Guilty of Romance de Sion Sono (2011) - ★★★★★★★★★☆

 


 

Décidément, Sion Sono ne cessera jamais de nous étonner. Derrière Guilty of Romance se cache le parfait descendant du remarquable Strange Circus que le réalisateur et scénariste japonais réalisa six ans auparavant. Une nouvelle fois l'on est confrontés à des personnages complexes, dont certaines valeurs morales vont être perverties par une approche du sexe et de l'amour déviants. Guilty of Romance atteint cette même intensité qu'à l'époque où son auteur osait aborder le difficile sujet de l'inceste. Il en demeure d'ailleurs ici quelques stigmates qui vont tracer la route de l'une des héroïnes féminines du récit. Car ce sont bien les femmes qui sont mises à l'honneur dans ce long-métrage fleuve disponible dans un montage original de plus de cent-quarante minutes. Une durée en forme de test de résistance au style si particulier d'un Sion Sono aux anges lorsqu'il s'agit de ponctuer son œuvre de visions sinistres, nihilistes et surtout, très graphiques. Sous forme de chapitres et intervenant à diverses échelles du temps, des destins semblent se croiser dans un univers où le sexe sans amour se tarifie selon les désirs ou les moyens du client. On pourrait pratiquement comparer le japonais à l'indo-américain M.Night Shyamalan tant les deux hommes aiment surprendre leur public en invoquant des twists parfois fort surprenants ! Chacun conservant bien entendu son propre style. Il y a dans le cas de Guilty of Romance des évidences qui sautent immédiatement aux yeux et d'autres qui n'interviennent qu'en dernier recours. Histoire de frapper une dernière fois l'esprit du spectateur qui pourtant est déjà au sol depuis deux bonnes heures.
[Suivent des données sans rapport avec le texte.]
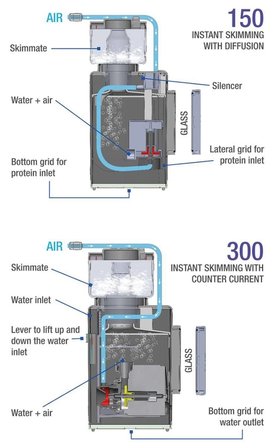 Sicce Shark Skimmer 300 Protein Skimmer 300 Litre Deniz Akvaryumu için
Après un premier chapitre qui honore à sa manière très lumineuse, humide et parfois ouatée tout un pan du cinéma érotique japonais des années soixante et soixante-dix, Sion Sono change le moteur qui fait avancer sa principale héroïne (l'actrice Megumi Kagurazaka, qui est également l'épouse du réalisateur, dans le rôle d'Izumi Kikuchi) dans sa passion pour son époux écrivain d'ouvrages romantiques. Employée d'un supermarché, faisant quotidiennement la promotion d'une nouvelle marque de saucisses (un signe avant coureur ?), Izumi rencontre un jour une femme qui devant la beauté de son visage lui propose de participer à une séance-photos...
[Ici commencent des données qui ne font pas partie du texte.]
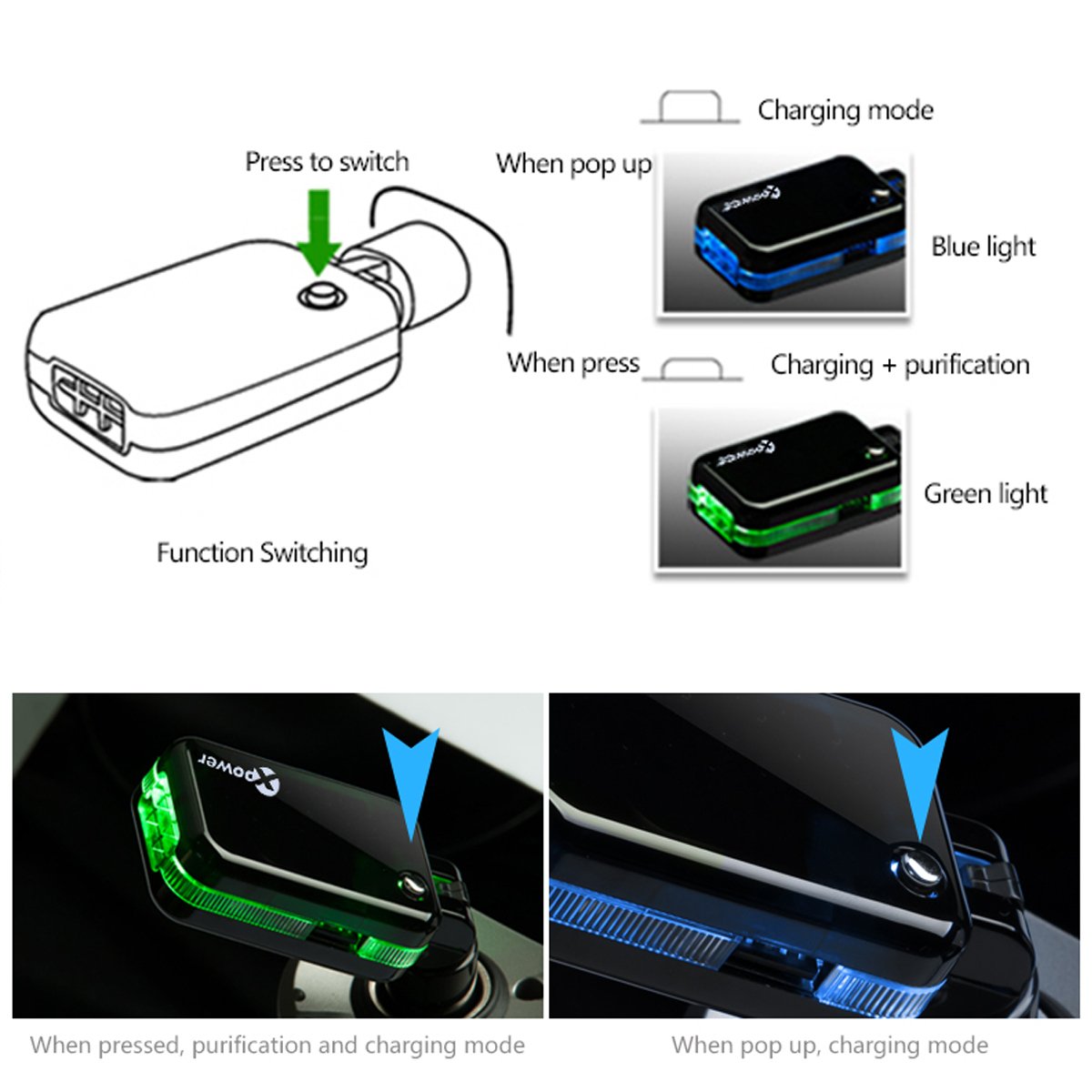 Shackcom Anion Air Purifier for Car with USB Chargers- Air Freshener Eliminate Bacteria, Virus, Smoke and Bad Odors Remover, Car gift, Air Cleaner for Auto and RV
Alors que Strange Circus était facilement comparable au chef-d’œuvre d'Alejandro Jodorowsky Santa Sangre, certains rapports familiaux de Guilty of Romance tendent à se rapprocher de l'univers propre à celui du réalisateur polonais Andrzej Żuławski et notamment celui de l'héroïne de La femme publique. Si ce dernier s'imprégnait du sujet entourant l'ouvrage Les possédés de l'écrivain russe Fiodor Dostoïevski, le long-métrage de Sion Sono évoque à son tour Le château du romancier austro-hongrois Franz Kafka dans lequel le héros K cherchait à entrer en contact avec les autorités d'un village sans pour autant parvenir à accéder au Château en question. Le réalisateur ne tergiverse pas longtemps sur la question du sexe en employant les grands moyens dans cette descente aux enfers enivrante où la passion et l'amour laissent la place au sexe tarifé et à la jouissance (im)pure. Comme à son habitude, Sion Sono transforme le matériau brut dont il est lui-même l'auteur et le confond à une intrigue policière mettant en scène l'inspectrice Kazuko Yoshida (l'actrice Miki Mizuno) lors d'une enquête sur la mort et la mutilation d'une femme dont nous ignorerons l'identité jusqu'au terme d'un récit foisonnant où la luxure est très explicitement décrite. À ce titre, nous retiendrons les performances corporelles du trio d'actrices principales que complétera Makoto Togashi qui interprète le rôle de Mitsuko Ozawa. Si Sion Sono semble vouloir donner une image licencieuse de la femme, la plaçant dans des postures et un désir entièrement voués au plaisir de la chair, certaines d'entre elles témoignent d'un désir beaucoup plus profond. Disparition du père, absence de contact charnel de la part de l'époux, aimé et même admiré. Photographié par Sōhei Tanikawa, Guilty of Romance projette sur le visage des héroïnes diverses lumières, selon leur état émotionnel et fait de l'authentique quartier des Love Hotels de Tokyo, un lieu de luxure qui prend toute sa mesure la nuit tombée. Entre frustration et sexualité totalement débridée, l’œuvre de Sion Sono perpétue le grand œuvre cinématographico-musico-littéraire de son auteur. Pénétrant et foisonnant...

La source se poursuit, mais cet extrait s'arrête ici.